Entre os governistas, tem gente que vai achar isso ótimo porque entende que é assim mesmo deve ser, há sempre de se ter o “grande timoneiro e guia genial dos povos” mantendo as rédeas do governo e há aqueles que vão achar péssimo, porque a presidente eleita perdeu a oportunidade de se impor e, eventualmente, mudar as relações de poder dentro do governo de modo a favorecê-los numa nova composição.

Pode ser que ainda aconteçam mais rusgas e sobrem algumas mágoas, mas no fim todos se entendem, pois nada mais unificador e pacificador que o poder.
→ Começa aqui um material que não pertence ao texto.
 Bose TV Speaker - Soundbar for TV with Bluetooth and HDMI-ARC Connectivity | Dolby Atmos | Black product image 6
À oposição cabe acompanhar os acontecimentos e ,democraticamente, tirar proveito do fogo amigo entre os governistas.

Porém, essa situação demonstra, de forma clara e insofismável, a maior adequação, didatismo e transparência do sitema parlamentarista para a consolidação da Democracia. Dispensa os ridículos teatros, muxoxos e chorumelas como esses recentemente encenados, com atores sem qualquer receio em parecerem canastrões.
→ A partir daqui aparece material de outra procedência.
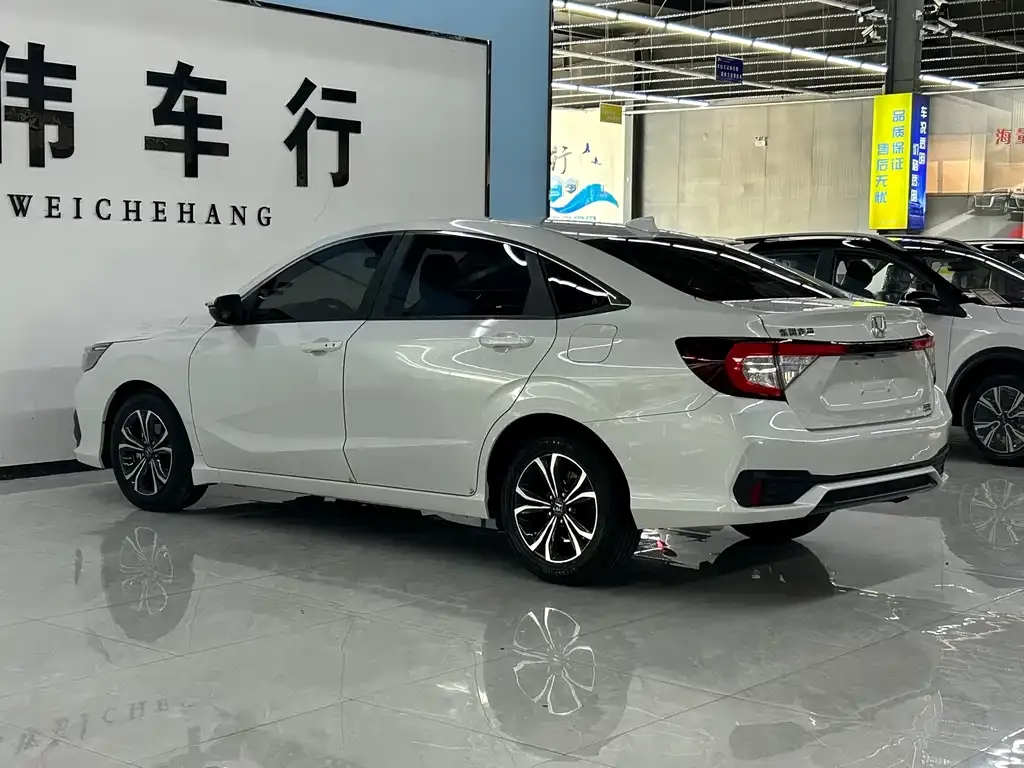 Honda Envix — фото 4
No parlamentarismo, um primeiro-ministro, que é o chefe de governo, é designado pelo chefe de Estado - o presidente ou o monarca - com a obrigação constituir uma maioria parlamentar concomitantemente com a formação do gabinete ministerial. Para isso deve apresentar programas e negociar metas e composições. Se conseguir fazer isso bem feito, governa bem; se conseguir fazer apenas em parte, governa com dificuldades; se não conseguir, a casa cai. Um novo primeiro ministro pode ser designado para resolver os impasses e se a resolução se mostrar inviável volta-se ao povo, do qual o poder emana, e novas eleições são realizadas para compor um novo parlamento e legitimar uma nova maioria e compor um novo governo.
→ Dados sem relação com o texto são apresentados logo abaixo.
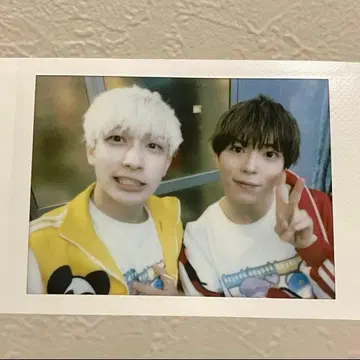 팬더드래곤 요우타 패치 폴라로이드 혼합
Lógico que inúmeras outras condições deverão ser estabelecidas, dentre elas, orçamento impositivo, burocracia profissionalizada e estável, arcabouço legal e Justiça sólida e ágil.

Não é um sistema tão emocional e novelesco como esse nosso presidencialismo quase monárquico, mas é bem menos hipócrita, muito mais revelador das verdadeiras intenções dos agentes políticos. Mais maduro e objetivo para construção de consensos, maiorias e governos e para a execução de programas de trabalho.

Também não permite tão facilmente o surgimento de caudilhos e lideranças messiânicas.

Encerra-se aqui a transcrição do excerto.